Par Louis Filiatrault




Rares sont les sorties de jeux vidéo attendues avec autant d'ardeur que ne fut celle du récent The Last of Us. Et qui dit « ardeur » ne dit pas forcément « emballement »; occasionnant bien des sceptiques à la suite de démonstrations d'une alarmante violence l'année dernière, l'univers du jeu semblait aussi avoir bien peu pour étonner dans un paysage populaire pour le moins saturé de fictions post-apocalyptiques. Fort (ou faible, selon les points de vue) du succès de sa série Uncharted, le studio de développement Naughty Dog courait également le risque de perpétuer une formule de jeu dont les rouages et limites sont non seulement devenus très visibles, mais dictent la marche à suivre des plus luxueuses productions de type « cinématique » depuis plusieurs années déjà. Le moins qu'on puisse dire, c'est que The Last of Us arrivait précédé d'un bagage quelque peu pesant.

Cela dit, encore plus rares sont les jeux vidéo qui, au moment d'être offerts au public, se révèlent aussi méritants de l'attention qu'ils suscitent. Discrètement audacieux, techniquement accompli et certainement spectaculaire, The Last of Us constitue aussi à de nombreux égards la synthèse définitive d'un certain gaming cherchant l'équilibre entre expérience ludique flexible et incontestable dirigisme narratif.
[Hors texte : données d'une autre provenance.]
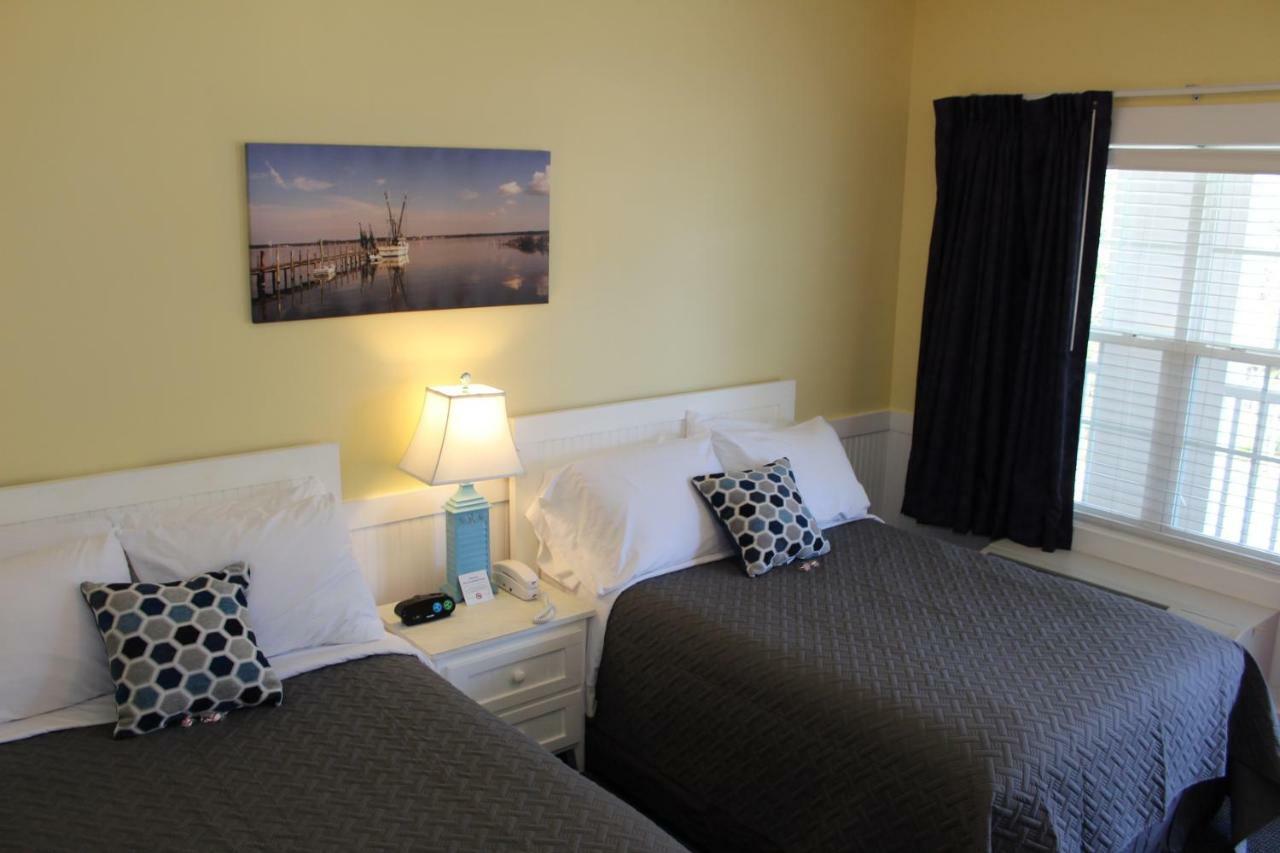 Topsail Shores Inn Sneads Ferry Exterior foto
Conscients de remâcher des conventions de genre plus que bien établies et d'élever la brutalité du jeu d'action à un degré rarement tenté, Naughty Dog ont choisi d'appliquer tout leur savoir-faire à doubler une dynamique de jeu solide d'un univers riche et par-dessus tout crédible.

Ainsi traverse-t-on une Amérique sauvage qui, bien qu'anormalement désertée par la gent féminine, opère selon les mêmes tactiques désespérées que celles requises du joueur aux commandes; ainsi côtoie-t-on une galerie de personnages forts aux enjeux très personnels, dont les convictions éveillent l'empathie et motivent parfaitement la poursuite de l'avancée. Non content de dresser sa violence en carnaval grotesque à l'instar du vulgaire (mais autrement très apparenté) BioShock Infinite, The Last of Us pose fermement son regard sur la noirceur de la réalité qu'il construit et en fait son grand sujet, la source de ses défis comme de ses drames.
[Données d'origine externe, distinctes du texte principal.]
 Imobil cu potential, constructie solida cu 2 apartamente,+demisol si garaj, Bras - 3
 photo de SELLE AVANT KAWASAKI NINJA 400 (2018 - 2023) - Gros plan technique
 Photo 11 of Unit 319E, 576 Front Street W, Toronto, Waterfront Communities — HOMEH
Imparfait comme l'est toute chose, particulièrement lors de certains passages de massacre à numéros faisant office de remplissage, The Last of Us impressionne surtout par l'assurance et la cohérence de son ensemble. Légitimement remarquable sur les plans de l'écriture et de la direction d'acteurs, d'une subtilité à coup sûr inégalée dans le médium électronique à ce jour, son sens de la mise en scène ne néglige jamais de s'étendre aux infimes aspects des portions interactives, qu'il s'agisse des lourdes cadences de marche des protagonistes, des infinies touches d'éloquence meublant ses décors ou de l'agitation tendue et soudaine de ses face-à-face meurtriers. Moins excitant, plus conservateur, mais plus constant et fin que l'indispensable série The Walking Dead de Telltale Games, il participe d'une même grande mouvance cherchant à se rapprocher peu à peu, par des moyens de plus en plus éloignés des usuels référents « geek », de préoccupations foncièrement humaines.

Disponible pour la console Playstation 3 depuis le 14 juin 2013.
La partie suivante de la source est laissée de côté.